━━ Given entries
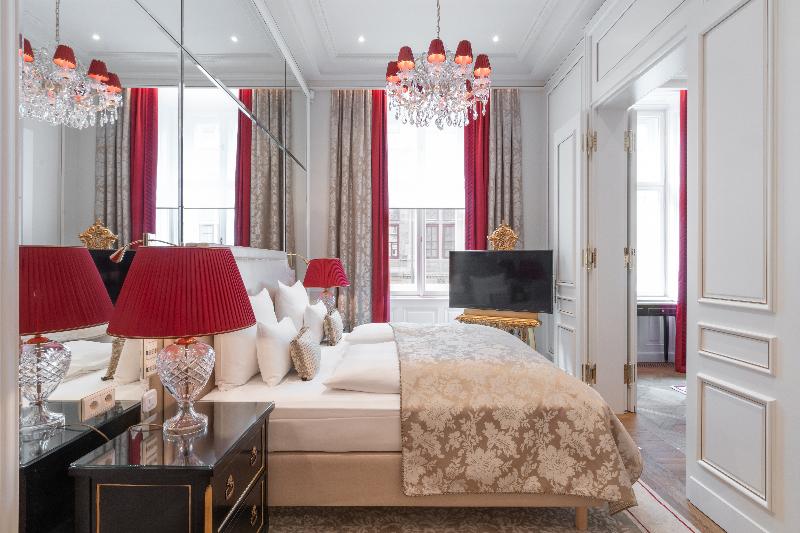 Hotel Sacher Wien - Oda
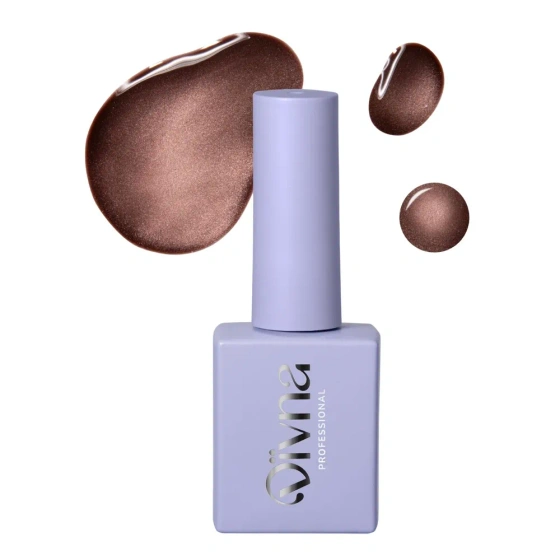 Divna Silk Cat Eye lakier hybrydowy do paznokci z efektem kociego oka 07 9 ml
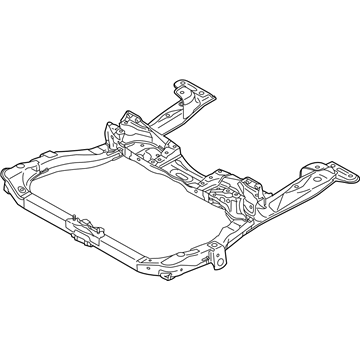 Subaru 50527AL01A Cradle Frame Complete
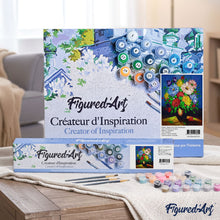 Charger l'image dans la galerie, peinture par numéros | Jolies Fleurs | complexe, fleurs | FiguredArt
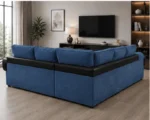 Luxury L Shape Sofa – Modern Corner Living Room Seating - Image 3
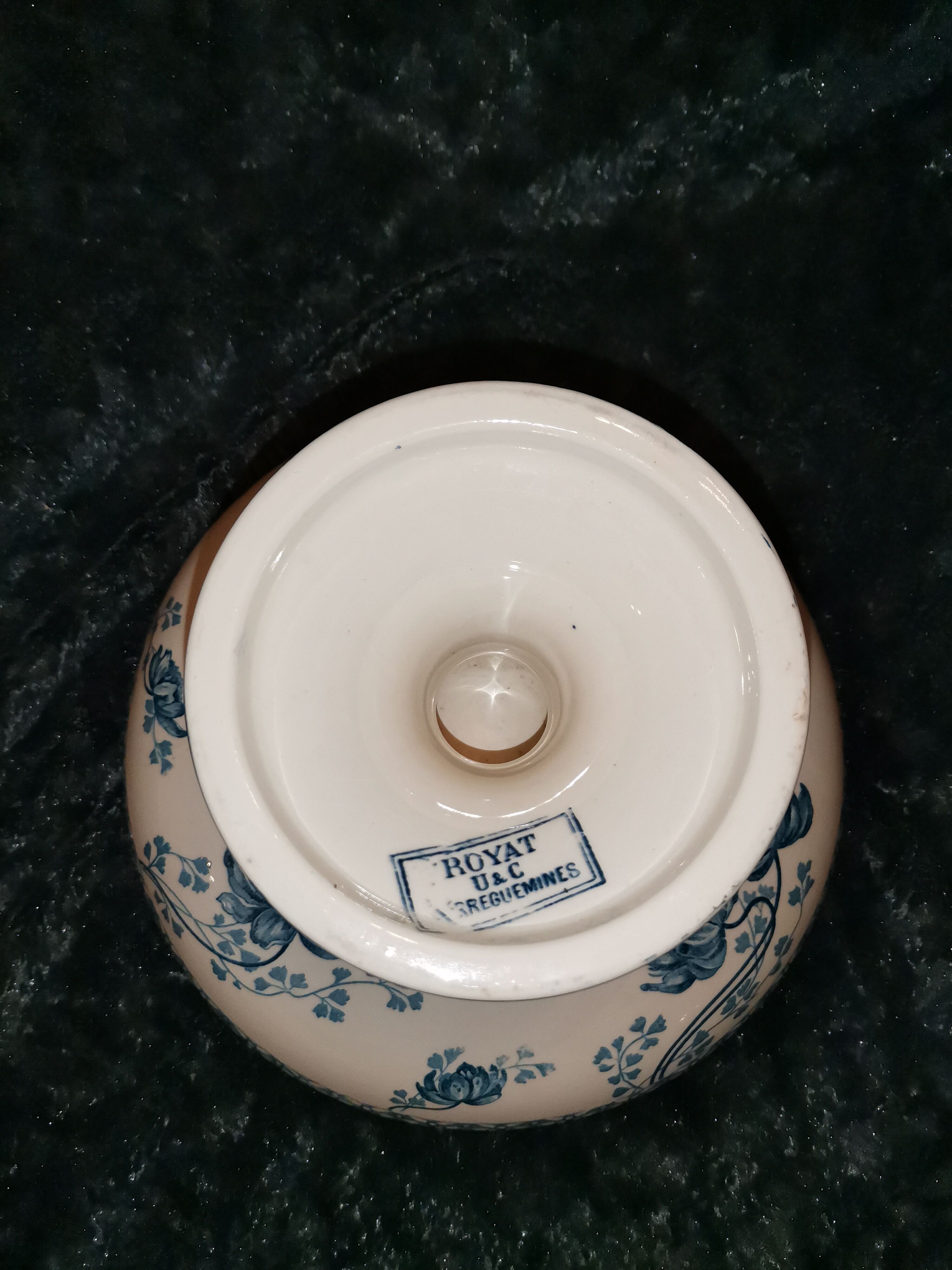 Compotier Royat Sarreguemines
━━━━
Write every line above out again exactly; pictures do not belong in the copy.

 Hotel Sacher Wien - Oda
 Divna Silk Cat Eye lakier hybrydowy do paznokci z efektem kociego oka 07 9 ml
 Subaru 50527AL01A Cradle Frame Complete
 Charger l'image dans la galerie, peinture par numéros | Jolies Fleurs | complexe, fleurs | FiguredArt
 Luxury L Shape Sofa – Modern Corner Living Room Seating - Image 3
 Compotier Royat Sarreguemines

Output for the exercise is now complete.